As it was last year, the Winter Meetings were something of a let down, in terms of overall baseball activity. Whereas last year’s meetings were dampened by teams adjusting to the implications of the new CBA, this year’s meetings were dampened by the unbelievable volume of activity last week. There simply weren’t as many moves left to make. Plus everyone’s still waiting on Masahiro Tanaka.
The rumors were aplenty, though, as always. At least that kept us a little toasty.
For the Cubs, specifically, there was little movement. The team picked up outfielder Justin Ruggiano this morning in a minor trade, grabbed a minor league catcher in the Rule 5 Draft, and made another minor league signing. The word “minor” loomed heavily.
The biggest story coming into the meetings for the Cubs was what might happen with Jeff Samardzija. Would the Cubs finally break through and extend the soon-to-be 29-year-old righty? Would the Cubs finally break down and trade him?

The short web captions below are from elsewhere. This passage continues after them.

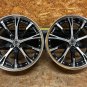 JDM RareSizeWORK Schubert 7J+35/7.5J+38 Civic Fit Freed Corolla Vitz A No Tires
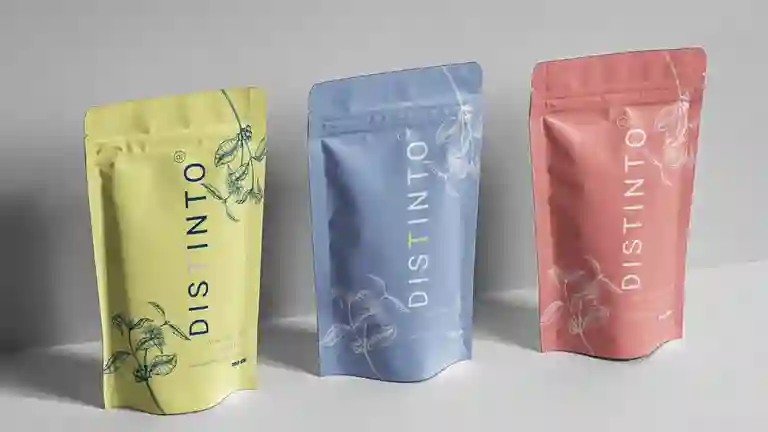 Distinto.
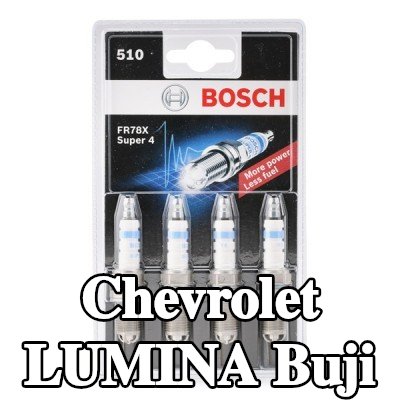 BOSCH Buji Anahtar Boyutu: 16 mm, Premium 4 — Chevrolet Lumina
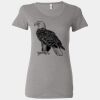 Ladies' Triblend Short Sleeve T-Shirt Thumbnail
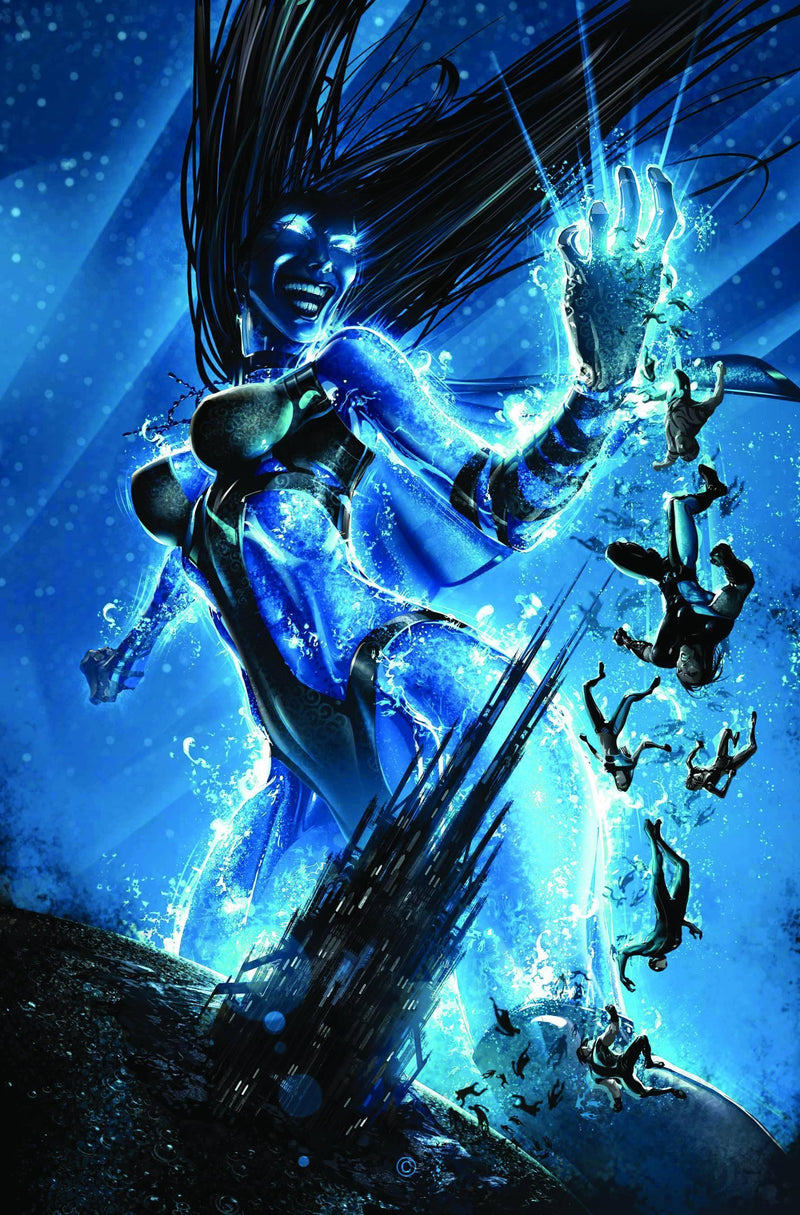 X-FORCE VOL 3 #25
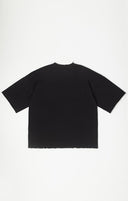 GFA Chomp SS Knit Jet Black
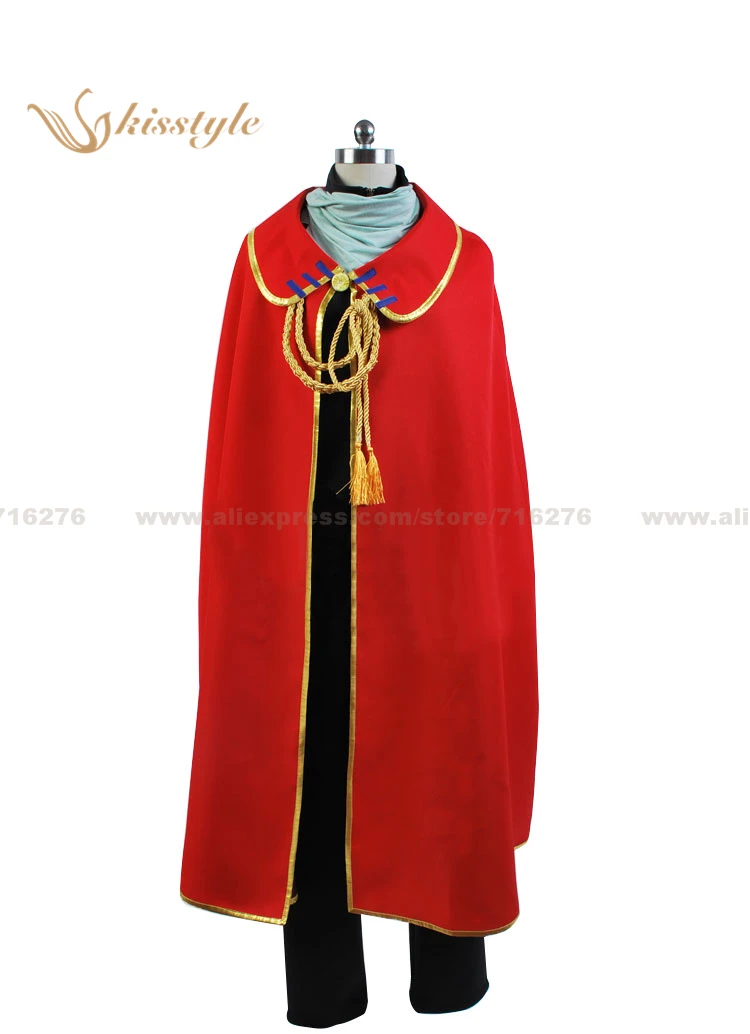 

Kisstyle Fashion Noragami Yato Uniform Cosplay Clothing Costume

The answer, of course, is that the Cubs did nothing with him – outwardly, at least. Which is not to say there weren’t a great many discussions involving and surrounding Samardzija (“minor” discussions?). Unfortunately for anxious fans, there is no requirement that things happen this week. Rushing into decisions makes for crappy decisions.
“We continue to try to move the ball forward as much as we can on one of two or three possible outcomes,” Theo Epstein said of the Samardzija situation this week, per Cubs.com. There hasn’t been any fundamental change in the situation. Communication is good and we continue to view Jeff as a really big part of what we’re doing, even as we admit there are several possible outcomes.”
We’ll never know precisely what this week’s meeting produced, but we know there hasn’t been much movement on the extension front. Samardzija is under control for two more years via arbitration, and seems reluctant to sign a long-term deal that doesn’t pay him commensurately with the exploding free agent market. He’s a confident guy with a ton of upside, and he remains content to bet on himself.
That, of course, leaves the Cubs in the crummy position of fielding offers for him without actually knowing whether it’s going to make sense to trade him. That was probably part of the conversation this week, and it will probably remain a part of the conversation through midseason, at least. So long as Samardzija remains with the Cubs, anyway. Epstein sounds like he wishes that the trade talk, publicly, would go away.
“At some point, I don’t think Jeff deserves to read about this every day,” Epstein said, again, per Cubs.com. “It’s a tough thing to read about someone speculating on where you’re going to work. We’ll put it to bed. The situation now is Jeff’s our Opening Day starter and that’s how we’re moving forward …. I don’t want Jeff to have to read the paper every day that there’s speculation that he might be traded or not.”
Although it’s a completely legitimate and thoughtful point from Epstein, the reality is that, with an on-field product that is unlikely to provide compelling headlines on its own merit, the rumors involving a front-line, popular starting pitcher are going to carry the day. We just won’t hear the Cubs talking about it.
From here, I can only assume that each side knows where the other stands. I can assume further that many of the possible trade partners out there have let the Cubs know generally where they stand, and the Cubs have responded in kind. Each of those sides is probably waiting for more clarity on the starting pitcher market – Tanaka being made available, David Price being shopped, any of Garza/Santana/Jimenez signing – before getting too serious in trade discussions.
In the interim, the Cubs will continue to go about building their 2014 roster as wisely as possible. There will be an effort to put together the best possible team, with an understanding that big dollars aren’t forthcoming right now, and flippability is still an attractive feature in a free agent.
That will be true whether Samardzija opens the season with the Cubs or not. The sad reality? Even if the Cubs kept Samardzija, signed Tanaka, and signed Shin-Soo Choo, they still wouldn’t project to win anything close to the 90 games necessary to have a fighting chance in the NL Central or the Wild Card in 2014.